Be subtle! be subtle! and use your spies for every kind of business. - Sun Tzu in Art of War, Chapter XIII

One March 25, Chinese-born engineer Chi Mak was sentenced to over 24 years in prison by a Californian court for plotting to obtain American naval submarine technology and illegally exporting it to China. The case offered a rare peek into the new multipolar world espionage system that is more complex than that of the bipolar Cold War-era.

While spying is reputed to be the world's second-oldest profession, existing from time immemorial, its peculiar shapes and patterns are provided by the changing configurations of global power.

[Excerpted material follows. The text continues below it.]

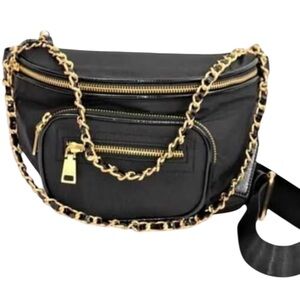 Steve Madden NWT Black and Gold Belt Bag Fanny Pack Convertible Purse Crossbody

Routine intelligence gathering by agents of one state in another state occurs both in wartime and peacetime, but the states that invest the most and reap the maximum from spying
have always been great powers.

The ideal spy is one who is a citizen or resident of the target country, has access to its sensitive decision making portals, and/or is part of its government or industrial machinery. By virtue of their deep pockets, great powers tend to scoop up the bulk of such perfect candidates and leave the dregs to the wannabes.

The quality foreign agents' market is thus an "oligopsony" that responds to the choices of a small number of great power buyers. In this imperfectly competitive market where the big buyers set the rules, the techniques, pay scales and risks that define the trade are decided essentially by the preferences and counter-espionage tactics of the great powers.

It is in this context that incidents like the conviction of Chi Mak in California assume significance. China's choice of utilizing persons of Chinese origin residing in the United States, though not unique, is a sustained preference that is changing the rules of the market.
For nearly two decades, Beijing has mobilized the Chinese-American community to penetrate US military corporations that are working on government defense contracts. According to the US Central Intelligence Agency, Beijing recruits these agents by playing the "shared ancestry" card as an accompaniment to the usual monetary remuneration.

US counter-espionage professionals contend that this is a unique style patented by China wherein the agents are relative amateurs such as Chinese students, businesspersons, visiting scientists as well as persons of Chinese heritage living in the US. Each individual may produce only a small iota of data, but a network of such persons could vacuum up an extensive amount of sensitive military and economic information.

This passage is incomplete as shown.